De geschiedenis van de molen
Rond 1875 begon de laatste bloeiperiode van de korenmolens op het platteland. De wind was nog koning. Op de vruchtbare rivierklei langs de IJssel werden veel granen geteeld en boeren in Marle en Vorchten hadden behoefte aan een eigen molen dichtbij. In Leeuwarden stond aan de Harlinger Trekvaart een in 1871 nieuw gebouwde oliemolen genaamd 'De Jonge'. In 1887 is deze molen afgebroken en per schip naar Marle vervoerd. Daar is de molen weer opgebouwd en voorzien van een maalinrichting voor granen. Op de nieuwe plek kreeg de molen ook een nieuwe naam: 'De Vlijt'. Jan Hendrik Kelderman, voorheen molenaarsknecht in Wijhe, werd er zelfstandig molenaar. In 1921 werd hij opgevolgd door zijn zoon Hermannus Cornelis Kelderman.
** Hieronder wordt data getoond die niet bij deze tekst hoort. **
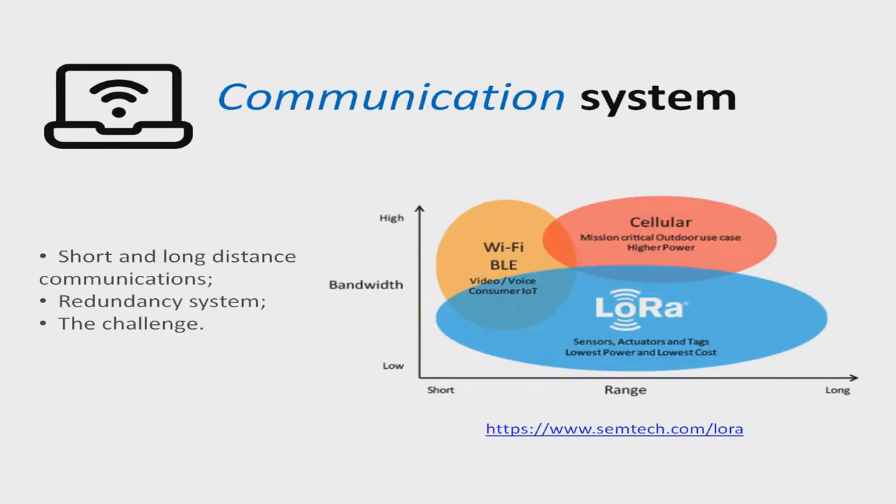The telemetry system of the MGL4 was designed to carry out short and long distance communications. As it is a prototype, the system is sufficiently conditioned to meet the CubeSat design competition requirements, with a redundancy system that consists of three independent transmission systems: LoRa, Wi-Fi via ESP8266, and GPRS. The main challenge found is to maintain a good connection with the satellite during the thermal cycling test, due to signal attenuation caused by the test equipment's metal wall.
In 1959 kwam zoon Jan Kelderman op de molen. Hij zette het bedrijf voort tot 1969 en zorgde uitstekend voor de molen, net als zijn vader en grootvader. Echter, naoorlogse ontwikkelingen in veehouderij en veevoeding leidden ertoe dat een traditionele korenmolen geen bestaansrecht meer had. Zo kwam een einde aan het werkzame leven van 'De Vlijt'.
Sinds 1969 is de molen erkend als Rijksmonument (nr. 39656)
Na een aantal wisselingen, werden in 1984 Arsène en Thea de Badts eigenaar van de molen en gingen wonen in het huis ernaast. Door de jaren heen was de molen slechter geworden en een grondige restauratie was nodig. Voor een particulier was de financiering niet haalbaar dus werd de molen in 1990 ondergebracht in de stichting 'De Wijhese molen'. De molen is destijds volledig hersteld, en stond er weer bij als 'een vorst aan de IJssel'. Arsène haalde zijn molenaarsdiploma, zodat Marle weer een eigen molenaar had die de molen regelmatig draaide. Thea maakte onderin de molen een atelier voor haar beeldende kunst.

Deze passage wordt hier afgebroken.